• **Records shown**:
──────────────────────────────
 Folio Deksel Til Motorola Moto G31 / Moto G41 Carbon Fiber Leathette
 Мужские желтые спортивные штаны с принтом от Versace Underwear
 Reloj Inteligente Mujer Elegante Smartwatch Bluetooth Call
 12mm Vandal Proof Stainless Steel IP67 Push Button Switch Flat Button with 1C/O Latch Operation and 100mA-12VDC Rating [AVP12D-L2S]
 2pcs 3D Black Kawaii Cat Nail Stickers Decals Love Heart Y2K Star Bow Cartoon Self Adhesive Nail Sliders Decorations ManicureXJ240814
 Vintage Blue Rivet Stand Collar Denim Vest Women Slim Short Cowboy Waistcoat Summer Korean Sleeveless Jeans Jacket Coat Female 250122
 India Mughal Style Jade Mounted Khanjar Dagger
──────────────────────────────
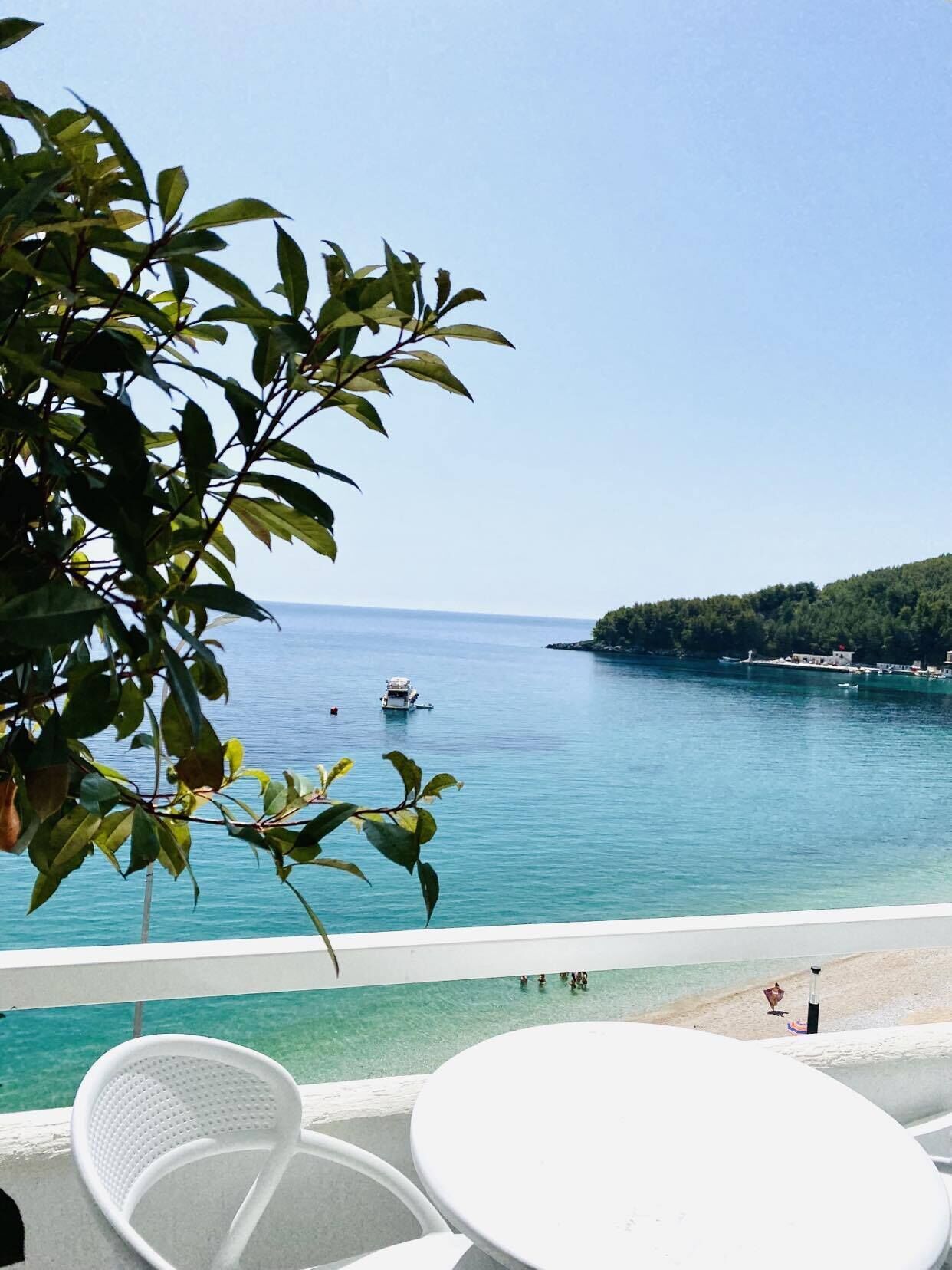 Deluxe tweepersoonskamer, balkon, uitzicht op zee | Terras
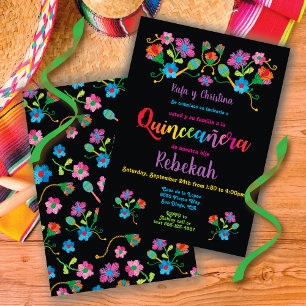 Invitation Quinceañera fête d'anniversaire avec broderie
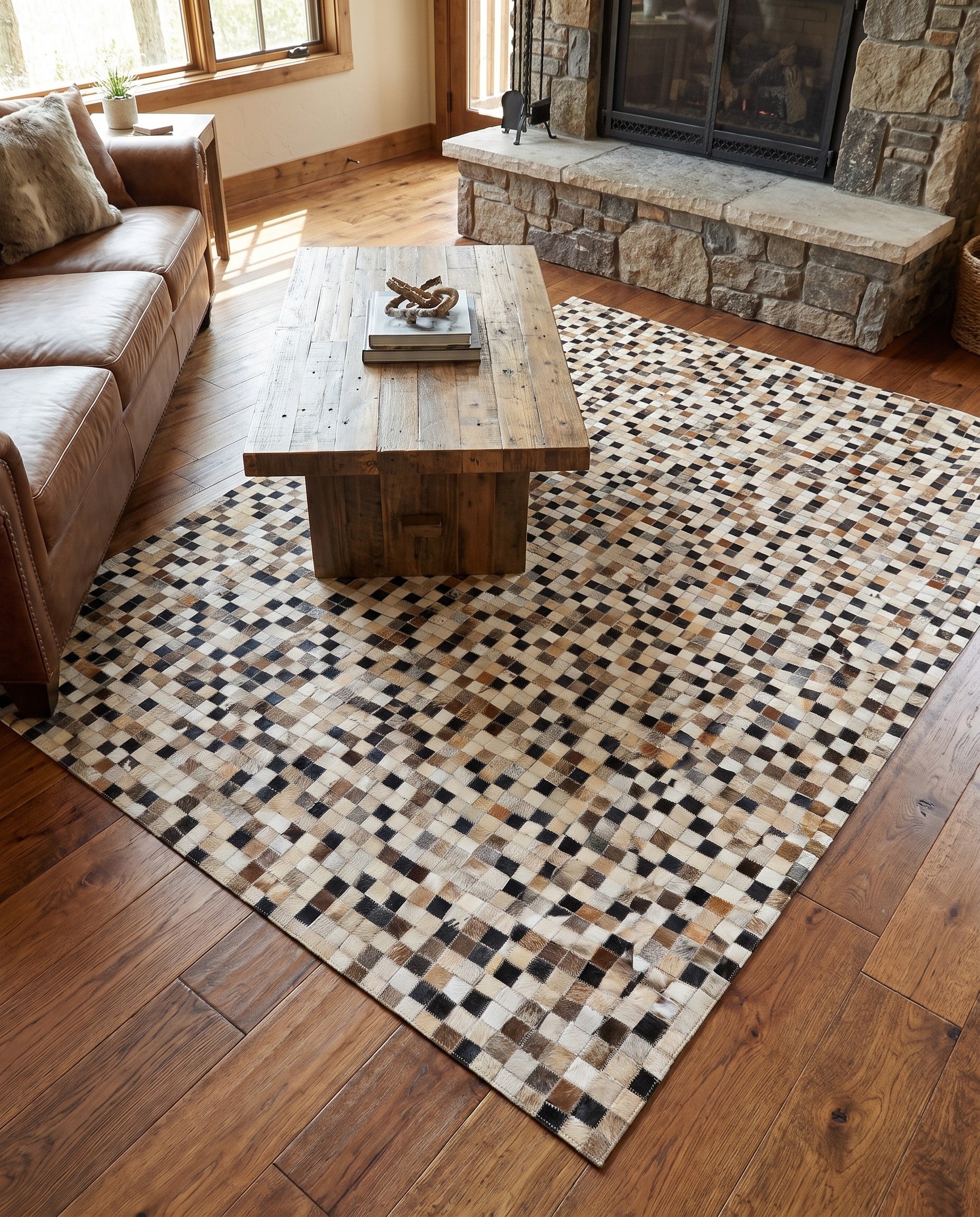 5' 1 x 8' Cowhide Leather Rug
──────────────────────────────
• **What you have to do**:
Please transcribe exactly the lines above from the line that has "Folio Deksel Til" up to and including the line that has "Vintage Blue Rivet"; no other line belongs in the answer.

• **Output**:
 Folio Deksel Til Motorola Moto G31 / Moto G41 Carbon Fiber Leathette
 Мужские желтые спортивные штаны с принтом от Versace Underwear
 Reloj Inteligente Mujer Elegante Smartwatch Bluetooth Call
 12mm Vandal Proof Stainless Steel IP67 Push Button Switch Flat Button with 1C/O Latch Operation and 100mA-12VDC Rating [AVP12D-L2S]
 2pcs 3D Black Kawaii Cat Nail Stickers Decals Love Heart Y2K Star Bow Cartoon Self Adhesive Nail Sliders Decorations ManicureXJ240814
 Vintage Blue Rivet Stand Collar Denim Vest Women Slim Short Cowboy Waistcoat Summer Korean Sleeveless Jeans Jacket Coat Female 250122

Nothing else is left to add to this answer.